Но он из каменной могилы,
Собрав остатки сил, вставал.
И вновь на узенький карниз
Он ставил ногу непреклонно,
Да вдруг с предательского склона
Сам заскользил, как камень, вниз…
Его считали чудаком,
Его безумцем называли,
Но он, наверное, едва ли
Был с этим мнением знаком.
Он не затем часы берег,
Чтоб слушать глупое злословье:
Он людям возвращал здоровье,
Он в горы не идти – не мог!
Так он погиб.
И нет следа Могилы павшего героя.
Над ним, как вечное надгробье,
Стоит вся горная гряда.
‹1972›
ШОТА НИШНИАНИДЗЕ{155}
(Род. в 1929 г.)
С грузинского
* * *
Вон человек повис на костылях.
Так день сражения висит на двух ночах,
так наша жизнь обычно повисает
меж датами рождения и смерти.
Висит меж костылями человек.
Жизнь, вставшую на шаткие ходули,
оглядывают молча пешеходы…
И плоть и душу вытоптали годы,
как гусеницы в лязгающем гуле.
Он так вцепился в костыли, как будто,
карабкаясь, застрял в могильной яме.
Вот картина в раме
из костылей, исполненная кистью
войны.
О, душа дубравы праматерь древа!
Пусть больше не растут ни ствол, ни корень
для виселицы… Кряжей пусть не прочат
в могильные кресты, и пусть не точат
и не строгают костылей вовеки…
Аминь!
‹1960›
АМАЗОНКИ
Отвергли мужское начало,
и на жеребцах оскопленных
им весело мчаться…
Укрытое шкурами тело…
Стрела из колчана взвивается —
и долетела почти до Фазиса!
За ужин садятся толпою,
свежуют быка не по-женски —
о, страшные жертвы богам,
никому не известным!
За ветром!
За скифами!
Топот погони…
Летят оскопленные кони,
копыта их звонки.
На седлах убитою дичью
свисают легенды…
Степная луна трепещет,
как грудь амазонки.
О, полночь!
О, крайности матриархата!
Исчезла прохлада, и ложе на остров,
сметаемый ветром горячим, похоже.
Звериная страсть из отрезанной груди струится,
из мрака вздымаются руки,
и мужество медленно тает.
И правая грудь,
что мешала натягивать луки,
отрезанная, вырастает.
‹1965›
КАМЕНЬ
Камень есть камень.
Но даже гранитом
правит немая судьба.
Вьется орнамент по мраморным плитам,
кладка амбара груба.
Кварц непокорный, песчаник ли хрупкий,
застланный сухостью мха.
Памятник,
камень расколотой ступки,
камень с обрывком стиха.
Будет ли он, словно горе, огромен,
ростом ли только велик,
Сын громовержущих каменоломен,
красный базальт базилик?
Камень для храма, тюрьмы и пекарни,
для межевого столба…
Но большинство – неприметные камни…
Может быть, это – судьба.
‹1969›
* * *
Гибли вы – на войне,
на дуэли, честь любя.
Скольких я пережил!
Неужели пережил и себя?
Умереть в 37, в 28
Загнать коня!
Вот моя совершается осень,
осыпает меня.
Все леса побурели, как руда…
Не хочу, чтоб афиши пестрели,
суетились года.
Верю в старость.
Не хочу ничего.
Пусть господня обрушится ярость
на меня одного.
Ибо знаю сурово и вижу из мглы,
что забили другого в мои кандалы.
Что другой неповинно принял пулю —
моя была! – и травою полынной земля поросла.

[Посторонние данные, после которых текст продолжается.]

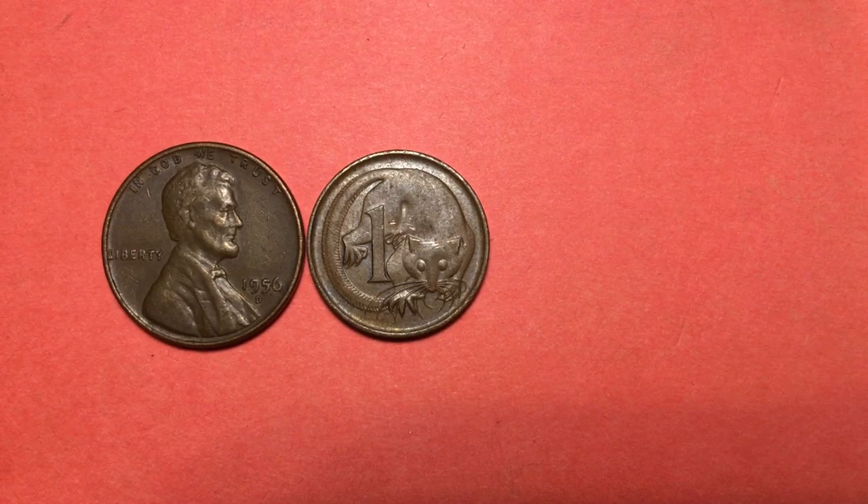Hey Coin Collectors and welcome to DC Coin World International Coin Channel. Today we're going to take a look at the 1966 Australia one cent coin.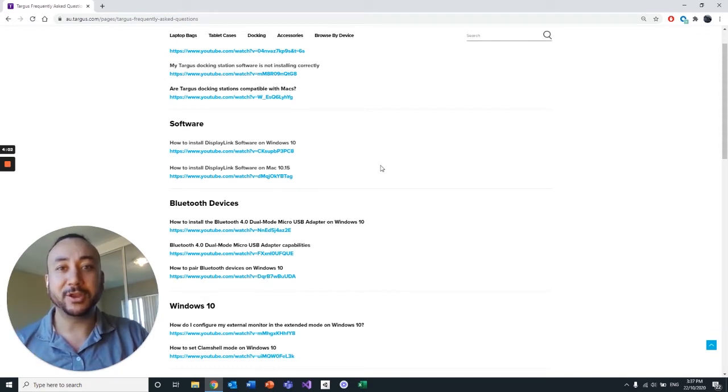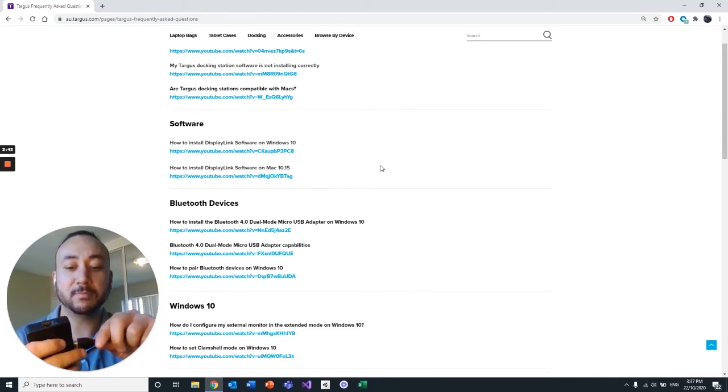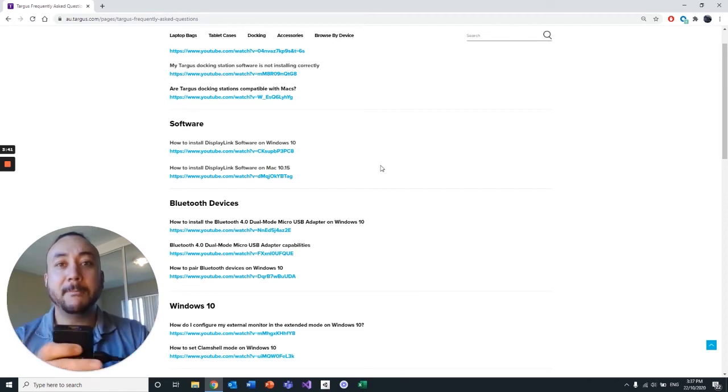Once that's all downloaded and installed, the next thing you're going to need to do is find yourself the correct monitor connections for your docking station. On the docking station we have two visible monitor connections: VGA and HDMI. Today we're just going to be using an HDMI connection for a single monitor, but this can support up to two monitors at dual 1K resolution or 1920 by 1080.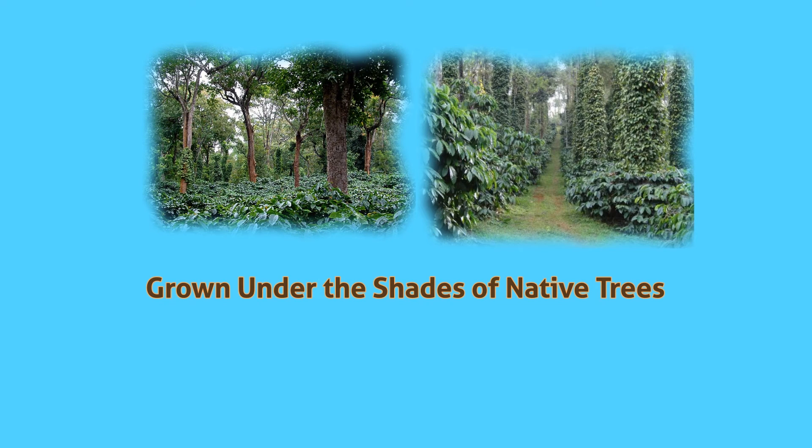Only Indian planters grow coffee under shades, preserving the native plants and nature too.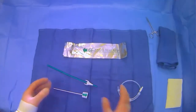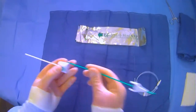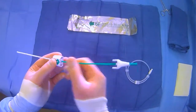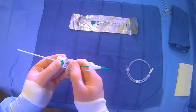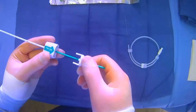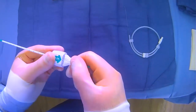To go through how everything works, one of the first things you do is assemble the introducer. You put the inner stylet into the introducer. There's an arrow here and an arrow here — it will just click into place, and you can hear that little click.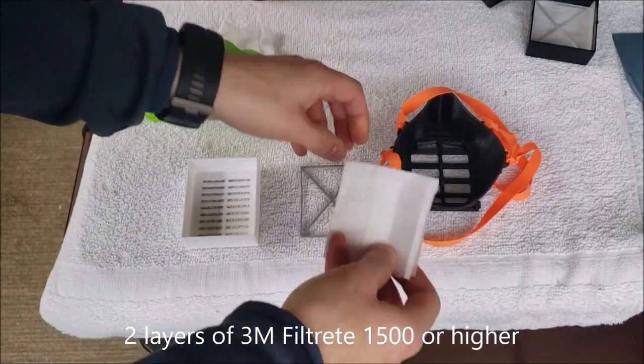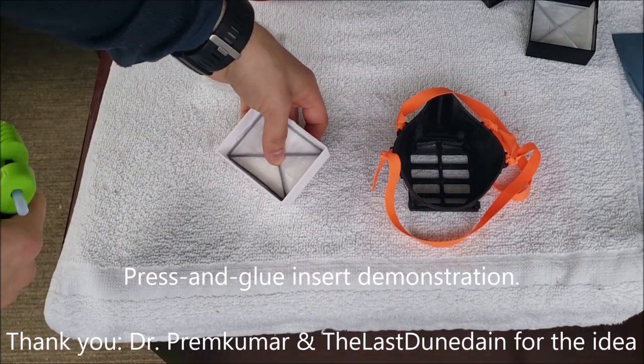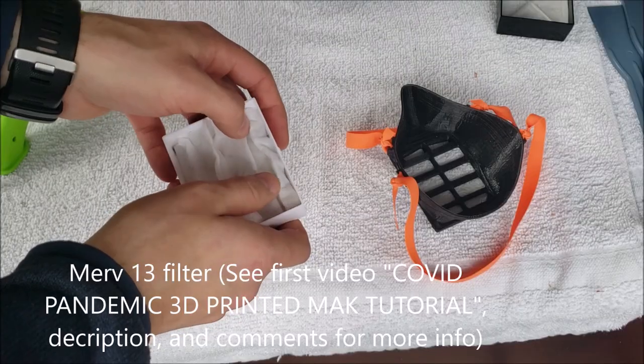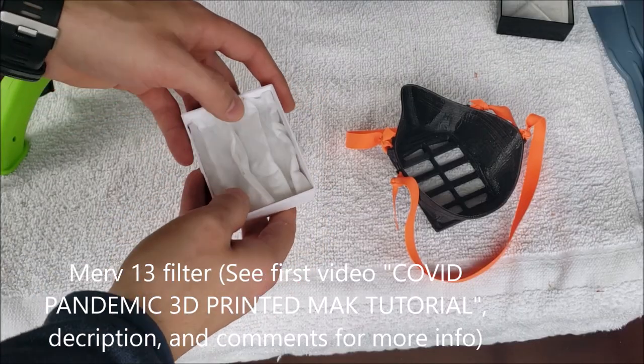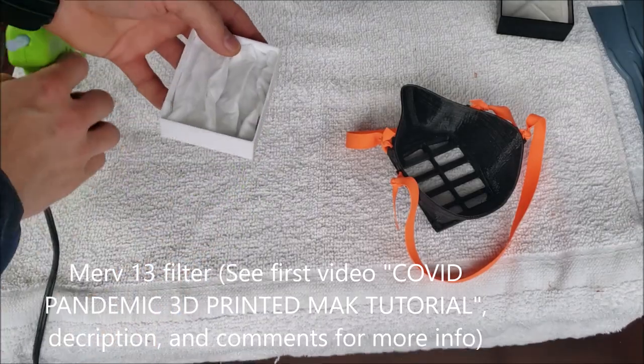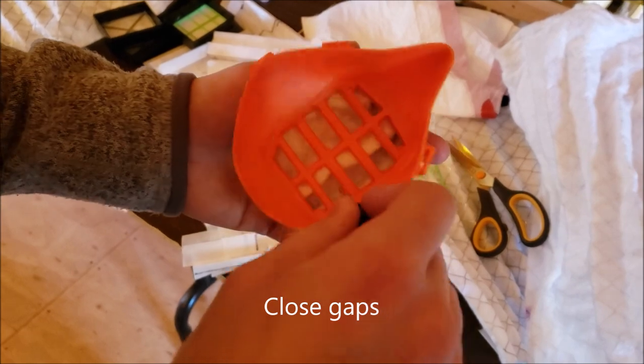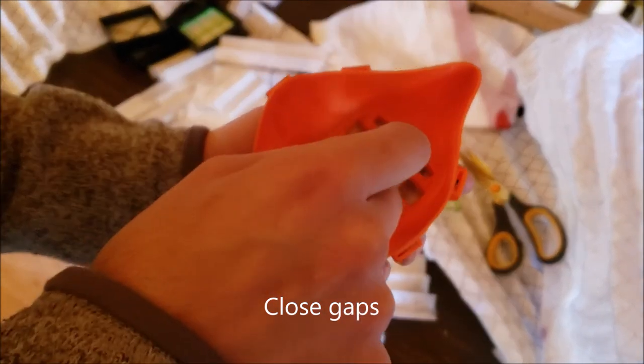Fold it over or use two separate pieces for two layers. Hold that in place for a few seconds till the glue hardens. If the frame holds it right up to the edges, that should be good. Otherwise you can seal around the edges. If there's any gaps, you can push the material from here once you've installed the filter and make sure it's right along the edges.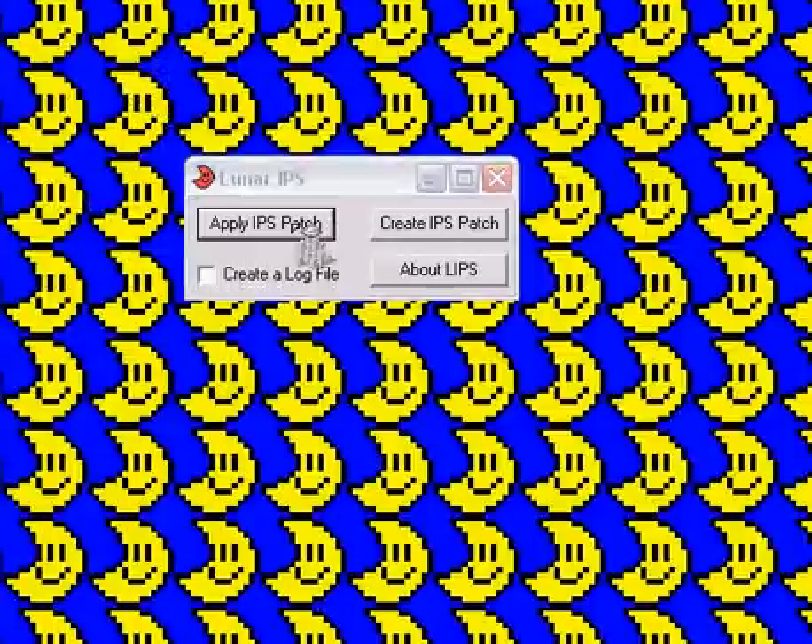So, open up Lunar IPS and you'll get this. It's a very, very simple, easy-to-use program, so I'm just going to show you how to do it. You'd click Apply IPS Patch,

Сколько – много ли, мало проживу-простою?
Смерть чужую душа принимала – как свою.
‹1973›
СУДЬБА
Он трагик,
но позорища и срама
изведал чад – привычна клоунада…
«К чему тебе, неблагодарный, драма? —
кричат ему. – Трагедии не надо!»
Один летит
сквозь время прямо к цели, другой,
чуть жив, ползет в пыли, во прахе,
но ведь не зря воскликнул древний эллин:
«Не обогнать Ахиллу черепахи!»
Тот в тень свою сойдет, скучая в блеске, —
и назовут гиганта лилипутом,
а этот с детства носит крыл обрезки,
но их горбом считают почему-то!
‹1973›
ДМИТРО ПАВЛЫЧКО{156}
(Род. в 1929 г.)
С украинского
ВОСПОМИНАНИЕ
…Босым в то утро прибежал я в школу,
Хватил мороз, тропу оледенив,
И белокрылые роились пчелы, —
Пришла зима с гуцульских бедных нив.
Звенел звонок. По снегу необутым
Я шел домой, унять не в силах дрожь.
Казалось, шел я годы – не минуты,
И каждый шаг был – как с ножа на нож.
…Когда тот путь сегодня вспоминаю,
Гуцульщина мне видится в былом,
Что прямо к Сентябрю сквозь даль без края
Идет в слезах по снегу босиком.
‹1950›
* * *
Зачем ты мной пренебрегаешь,
На мой поклон не отвечаешь,
Когда тебя встречаю я?
Ведь если любишь ты другого
И моего не слышишь слова,
Признайся мне, любовь моя!
Чтоб сердцу с горя не разбиться,
Ему дам крылья голубицы, —
Пускай взовьется в вышине.
Оно с моим страданьем – знаю —
К родному устремится краю,
К моей карпатской стороне.
За голубым далеким кряжем
Все матери моей расскажет…
Найдет такое зелье мать,
Что быстро исцеляет рану…
И больше я тебя не стану
Ни в снах, ни наяву встречать.
‹1954›
* * *
Я от земли неотделим, —
Пахал отец мой эту землю.
Я силу от нее приемлю
Поющим существом своим.
Я рос в родимой стороне,
Как в поле колосок зернистый,
Могучий телом, духом чистый, —
Ведь кровь земли моей во мне.
Мое зерно – слова мои.
Коль их возьмут на сев весенний,
То ждут меня и воскресенье,
И света вешние ручьи,
И урожайной славы час.
Но не хотел бы лучшей доли,
Когда бы их на хлеб смололи
Народу моему хоть раз.
‹1956›
* * *
Поэзия, назначено тебе
Ответить сердца слабого мольбе,
Подругой в трудной сделаться судьбе,
Оружьем, побеждающим в борьбе.
Отдать народу правду слов своих,
Свет новых дней провидеть, славить их,
Быть вдохновеньем в битвах трудовых,
Хранить любовь и ненависть живых,
А мертвых славу сквозь века нести.
Ты ж в лавке, вижу, вся в пыли…
Хотел к тебе я подойти
И поклониться до земли.
Но присмотрелся ближе я —
Это не ты, лишь тень твоя!
‹1957›
* * *
Люблю я жизни быстрину,
Что так стремительна, бурлива,
И я не прячусь в глушь залива,
Где сор и пена, ил по дну.
На быстрине так трудно плавать —
Волна бросает, сносит, рвет.
Кто прозябает, не живет,
Пускай глухую ищет заводь!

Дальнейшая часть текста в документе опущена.